You can also obtain the trace ID [Y0-00007F630AAA2A70] from the preceding log. You can run the grep command based on this trace ID to obtain all logs related to this operation.
[xiaofeng.lby@sqaobnoxdn011161204091.sa128 /home/xiaofeng.lby/obproxy/log]
$grep Y0-00007F630AAA2A70 *
obproxy_diagnosis.log:[2024-12-17 14:34:14.024938] [125907][Y0-00007F630AAA2A70] [LOGIN](trace_type="LOGIN_TRACE", connection_diagnosis={cs_id:278640, ss_id:0, proxy_session_id:0, server_session_id:0, client_addr:"127.0.0.1:9988", server_addr:"*Not IP address [0]*:0", cluster_name:"xiaofeng_91_435", tenant_name:"sys", user_name:"root", error_code:-4669, error_msg:"cluster does not exist", request_cmd:"OB_MYSQL_COM_LOGIN", sql_cmd:"OB_MYSQL_COM_LOGIN", req_total_time(us):196}{internal_sql:"", login_result:"failed"})
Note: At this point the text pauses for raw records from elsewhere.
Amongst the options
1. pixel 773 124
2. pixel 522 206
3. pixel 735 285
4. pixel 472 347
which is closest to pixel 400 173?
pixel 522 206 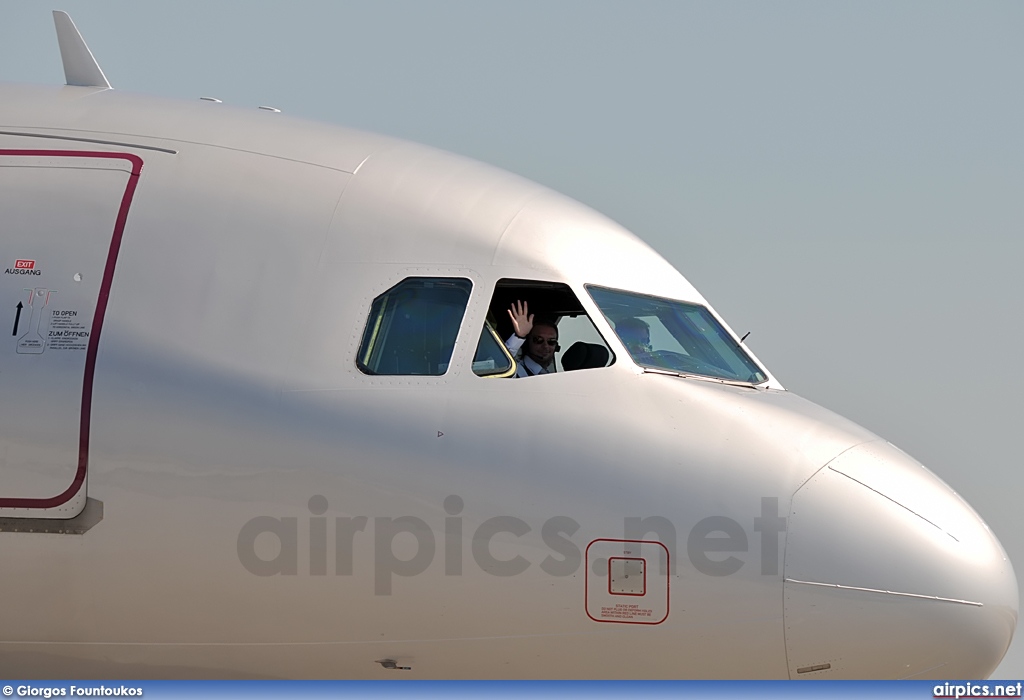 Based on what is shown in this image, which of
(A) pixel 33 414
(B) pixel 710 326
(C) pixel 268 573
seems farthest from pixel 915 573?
(A) pixel 33 414

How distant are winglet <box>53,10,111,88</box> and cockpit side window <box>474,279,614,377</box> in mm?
4358

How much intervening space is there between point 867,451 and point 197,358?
4710mm

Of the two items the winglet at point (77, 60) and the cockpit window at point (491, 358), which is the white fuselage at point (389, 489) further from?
the winglet at point (77, 60)

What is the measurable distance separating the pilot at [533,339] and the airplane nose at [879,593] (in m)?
2.08

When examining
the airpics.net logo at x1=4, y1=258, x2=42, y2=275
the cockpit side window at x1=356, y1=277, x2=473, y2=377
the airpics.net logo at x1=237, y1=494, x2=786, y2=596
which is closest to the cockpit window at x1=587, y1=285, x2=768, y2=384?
the cockpit side window at x1=356, y1=277, x2=473, y2=377

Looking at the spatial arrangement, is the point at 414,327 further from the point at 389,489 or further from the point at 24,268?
the point at 24,268

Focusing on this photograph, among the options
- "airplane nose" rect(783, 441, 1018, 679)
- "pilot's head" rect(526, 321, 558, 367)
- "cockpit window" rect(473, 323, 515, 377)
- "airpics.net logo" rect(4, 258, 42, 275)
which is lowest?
"airplane nose" rect(783, 441, 1018, 679)

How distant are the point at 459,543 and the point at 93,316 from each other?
312 cm

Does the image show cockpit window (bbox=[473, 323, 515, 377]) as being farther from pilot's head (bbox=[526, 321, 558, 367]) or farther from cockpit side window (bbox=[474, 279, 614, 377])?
pilot's head (bbox=[526, 321, 558, 367])

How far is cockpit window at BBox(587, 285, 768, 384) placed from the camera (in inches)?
338

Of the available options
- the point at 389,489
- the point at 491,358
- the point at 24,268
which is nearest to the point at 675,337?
the point at 491,358

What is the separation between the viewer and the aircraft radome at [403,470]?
7703mm

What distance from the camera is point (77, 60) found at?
10406 millimetres

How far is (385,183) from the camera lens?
9031 mm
obproxy_error.log:2024-12-17 14:34:14.024960,xiaofeng_cluster_430_proxy,,,,xiaofeng_91_435:sys:,OB_MYSQL,,,OB_MYSQL_COM_LOGIN,,failed,-4669,,194us,0us,0us,0us,Y0-00007F630AAA2A70,,127.0.0.1:9988,,0,,cluster not exist,
obproxy.log:[2024-12-17 14:34:13.584801] INFO [PROXY.NET] accept (ob_mysql_session_accept.cpp:36) [125907][Y0-00007F630AAA2A70] [lt=0] [dc=0] [ObMysqlSessionAccept:main_event] accepted connection(netvc=0x7f630aa7d2e0, client_ip={127.0.0.1:9980})
...
After a disconnection occurs, ODP generates a disconnection log in the obproxy_diagnosis.log file to record detailed information about the disconnection. The following is a disconnection log that records a login failure due to an incorrect tenant name.
# The output here is originally one line, and is manually split into multiple lines for display on the web page.
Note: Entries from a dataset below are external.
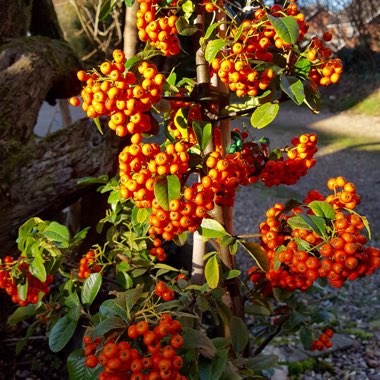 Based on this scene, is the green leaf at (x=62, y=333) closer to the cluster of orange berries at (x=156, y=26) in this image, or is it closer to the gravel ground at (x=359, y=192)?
the cluster of orange berries at (x=156, y=26)

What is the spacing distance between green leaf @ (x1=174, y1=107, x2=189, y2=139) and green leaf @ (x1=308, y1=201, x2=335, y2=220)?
17.3 inches

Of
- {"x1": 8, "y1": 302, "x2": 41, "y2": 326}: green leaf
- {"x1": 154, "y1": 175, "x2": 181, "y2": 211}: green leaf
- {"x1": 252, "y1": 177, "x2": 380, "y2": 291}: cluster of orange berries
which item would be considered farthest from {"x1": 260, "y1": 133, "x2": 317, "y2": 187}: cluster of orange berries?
{"x1": 8, "y1": 302, "x2": 41, "y2": 326}: green leaf

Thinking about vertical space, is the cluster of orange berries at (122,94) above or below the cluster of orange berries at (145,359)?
above

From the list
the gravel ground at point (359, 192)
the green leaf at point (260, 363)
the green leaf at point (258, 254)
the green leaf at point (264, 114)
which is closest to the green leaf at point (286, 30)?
the green leaf at point (264, 114)

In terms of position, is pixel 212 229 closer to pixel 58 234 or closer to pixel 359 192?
pixel 58 234

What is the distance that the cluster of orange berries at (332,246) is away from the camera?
1.21 metres

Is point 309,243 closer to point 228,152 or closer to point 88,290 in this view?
point 228,152

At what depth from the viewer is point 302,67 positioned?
125 cm

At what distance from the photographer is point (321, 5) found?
1368 centimetres

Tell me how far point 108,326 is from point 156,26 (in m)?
0.80

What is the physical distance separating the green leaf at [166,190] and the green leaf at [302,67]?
47 cm

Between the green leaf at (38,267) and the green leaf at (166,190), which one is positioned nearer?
the green leaf at (166,190)

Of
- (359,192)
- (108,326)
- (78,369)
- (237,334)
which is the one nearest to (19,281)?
(78,369)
[2023-08-23 20:11:08.567425]
[109316][Y0-00007F285BADB4E0] [CONNECTION]
(trace_type="LOGIN_TRACE",
connection_diagnosis={
cs_id:1031798792, ss_id:0, proxy_session_id:0, server_session_id:0,
client_addr:"10.10.10.1:58218", server_addr:"*Not IP address [0]*:0",
cluster_name:"undefined", tenant_name:"test", user_name:"root",
error_code:-4043,
error_msg:"dummy entry is empty, please check if the tenant exists", request_cmd:"COM_SLEEP", sql_cmd:"COM_LOGIN"}{internal_sql:""})
You can guess the reason for the disconnection based on the please check if the tenant exists information in the error message.
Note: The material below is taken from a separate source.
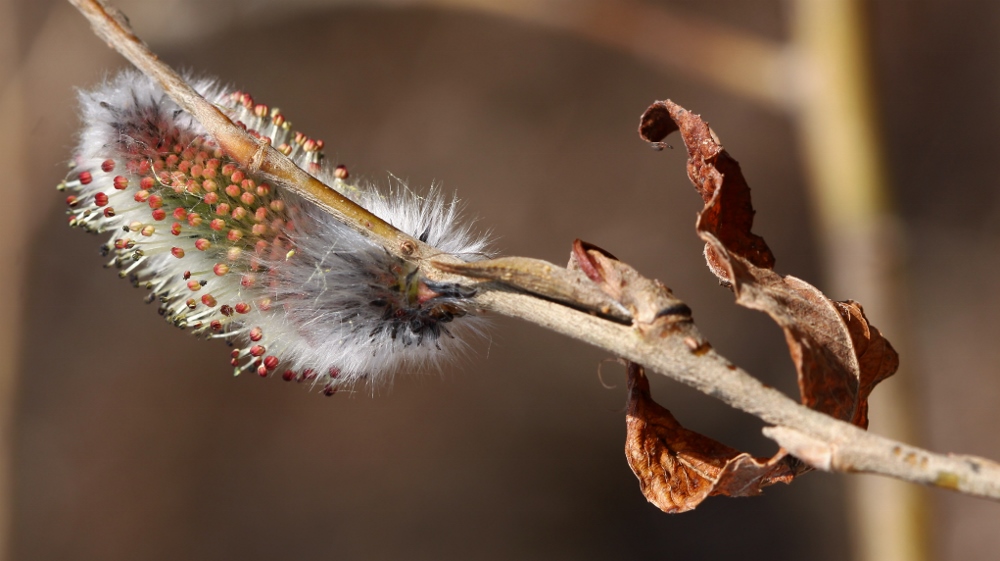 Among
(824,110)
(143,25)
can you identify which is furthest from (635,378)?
(143,25)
The latter part of this topic is all "dictionary" content that you can consult when necessary. You only need to browse through the content to get a general idea.
We recommend that you add this topic to your favorites first. If an error occurs, pull the error log and search for the corresponding solution based on the key information provided in the log.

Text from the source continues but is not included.